Sua situação era de liberdade absoluta, e o Barão fazia o que queria, ia pra praia e voltava quando bem entendia. E ficou lindo, com o pelo brilhante, mas nunca perdeu aquele olhar de súplica capaz de comover qualquer um.
E ele sabia disso. O que eu não sabia é que usava justamente isso para seus negócios paralelos.
Barão saía de casa todos os dias ao meio-dia e só voltava umas duas horinhas mais tarde.
Ficamos curiosos de saber para onde ia, que encontros furtivos ele tinha, que vida secreta mantinha.
Até que um dia descobrimos seu plano. Ele calculava a hora do aperitivo numa elegante pousada próxima e ia se mimetizando na areia até escolher as mesas de onde sacava petiscos saborosos de gente de bom coração. Combinação perfeita pra deitar aos pés, com seu olhar pidão e receber delícias muito superiores à sua ração. Se arrastava pelas mesinhas de praia onde os hóspedes, felizes com suas caipirinhas, curtiam repartir com ele pedacinhos de filé, peixe, polvo, lulas, camarões.
Um dia foi seguido até em casa por umas crianças que, movidas de tanta pena, queriam dividir com ele seu prato de bacalhau. Ficaram surpresas de saber que ele tinha casa e dono. E ele olhou para gente com aquele ar constrangido por ter sido descoberto. Não que ele tivesse muita vergonha na cara, mas tinha a manha de ter sobrevivido de biscate a vida inteira e agora, que estava lindo e limpo, conseguia as melhores ofertas.
Resolvi botar uma coleira nele para evitar essa confusão, mas dois dias depois ele conseguiu arrancar. Parecia dizer que aquilo atrapalhava seu business, que parecer faminto, pobre e abandonado era fundamental pro negócio.
E o Barão prosperava. Já que eu não conseguia mudar seus hábitos, fizemos um acordo tácito: eu não me metia nos seus truques estratégicos, o deixava sem coleira, se passava por ele na pousada, na hora dos aperitivos, fazia que nem o conhecia e, depois, ele voltava pra casa na maior gratidão, me enchia de carinho, feliz de ser tão compreendido.
De certa maneira, essa seria uma boa mistura de amor e liberdade. Não privar alguém que você ama de alguma coisa que ele gosta muito, em nome de um sentimento de posse. Ser feliz de ver o outro feliz.

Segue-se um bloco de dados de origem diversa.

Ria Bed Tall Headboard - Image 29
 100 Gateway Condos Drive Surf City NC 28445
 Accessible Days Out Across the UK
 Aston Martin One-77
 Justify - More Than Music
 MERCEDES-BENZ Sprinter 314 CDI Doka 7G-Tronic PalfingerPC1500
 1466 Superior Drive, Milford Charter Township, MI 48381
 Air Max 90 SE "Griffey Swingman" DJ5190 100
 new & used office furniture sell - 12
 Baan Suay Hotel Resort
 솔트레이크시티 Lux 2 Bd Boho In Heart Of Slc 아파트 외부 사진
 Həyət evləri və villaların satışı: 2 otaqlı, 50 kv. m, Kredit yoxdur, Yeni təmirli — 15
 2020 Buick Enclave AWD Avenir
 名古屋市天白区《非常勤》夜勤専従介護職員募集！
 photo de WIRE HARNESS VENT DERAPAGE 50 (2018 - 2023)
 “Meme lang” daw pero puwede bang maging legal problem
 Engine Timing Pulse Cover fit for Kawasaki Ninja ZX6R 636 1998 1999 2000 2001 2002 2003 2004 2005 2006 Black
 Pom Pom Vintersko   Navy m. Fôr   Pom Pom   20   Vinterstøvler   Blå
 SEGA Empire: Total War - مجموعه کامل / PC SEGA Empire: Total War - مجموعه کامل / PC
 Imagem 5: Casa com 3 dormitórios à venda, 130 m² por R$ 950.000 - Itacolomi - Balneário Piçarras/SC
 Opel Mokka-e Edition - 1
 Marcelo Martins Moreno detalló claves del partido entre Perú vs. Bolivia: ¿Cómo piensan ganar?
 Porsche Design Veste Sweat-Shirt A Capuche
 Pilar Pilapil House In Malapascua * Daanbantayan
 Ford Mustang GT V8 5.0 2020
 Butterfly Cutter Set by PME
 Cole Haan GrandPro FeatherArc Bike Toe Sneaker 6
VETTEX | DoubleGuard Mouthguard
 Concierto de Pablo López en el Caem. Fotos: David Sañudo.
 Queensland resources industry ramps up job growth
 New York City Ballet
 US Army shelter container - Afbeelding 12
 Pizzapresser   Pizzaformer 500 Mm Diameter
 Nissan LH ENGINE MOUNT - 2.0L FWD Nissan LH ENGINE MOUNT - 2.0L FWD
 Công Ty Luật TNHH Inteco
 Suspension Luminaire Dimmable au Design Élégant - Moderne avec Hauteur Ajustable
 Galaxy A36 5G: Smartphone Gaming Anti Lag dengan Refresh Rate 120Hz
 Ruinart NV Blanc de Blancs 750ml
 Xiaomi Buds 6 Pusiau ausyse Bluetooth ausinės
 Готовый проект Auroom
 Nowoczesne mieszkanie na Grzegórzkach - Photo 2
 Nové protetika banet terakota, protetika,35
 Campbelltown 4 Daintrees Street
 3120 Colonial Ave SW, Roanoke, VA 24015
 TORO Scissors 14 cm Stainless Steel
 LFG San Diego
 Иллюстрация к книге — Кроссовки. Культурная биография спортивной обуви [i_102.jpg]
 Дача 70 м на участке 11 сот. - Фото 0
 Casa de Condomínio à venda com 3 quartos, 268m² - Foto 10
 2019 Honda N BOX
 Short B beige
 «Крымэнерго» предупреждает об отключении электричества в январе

Barão viveu com a gente sua vida inteira, junto com os cães e gatos da casa, todos resgatados. De sua aparente timidez inicial se tornou uma espécie de mentor mais velho e respeitado por todos. Foi um dos cachorros mais adoráveis que tive e só parou seu rentável negócio quando engordou e já não convencia mais ninguém.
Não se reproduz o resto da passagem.